◆ Material for the task ◆

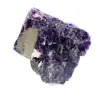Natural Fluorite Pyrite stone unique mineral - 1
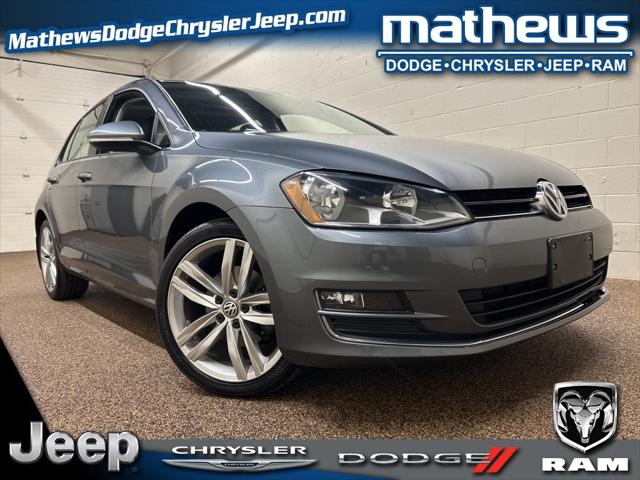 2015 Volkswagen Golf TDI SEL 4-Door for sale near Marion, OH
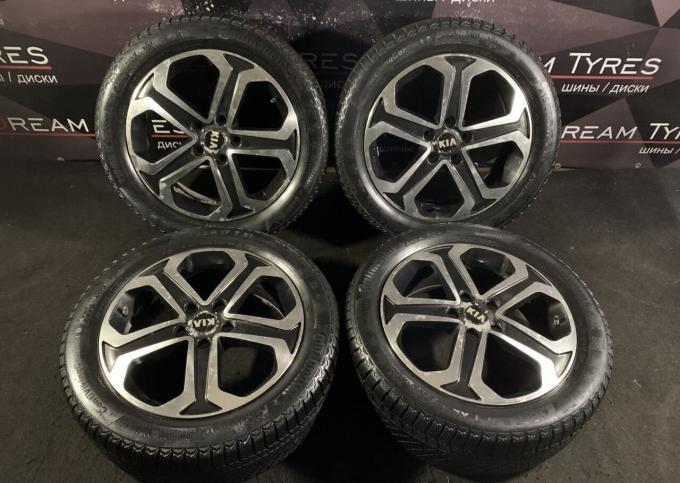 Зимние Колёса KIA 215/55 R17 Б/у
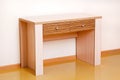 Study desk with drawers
...
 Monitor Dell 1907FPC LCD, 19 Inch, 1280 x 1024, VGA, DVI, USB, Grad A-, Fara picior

◆ Directions ◆
Beginning at the line above that contains "Зимние Колёса KIA 215/55 R17 Б/у", repeat each line exactly through the one that contains "Study desk with drawers", and leave out the pictures.

◆ Result ◆
 Зимние Колёса KIA 215/55 R17 Б/у
 Study desk with drawers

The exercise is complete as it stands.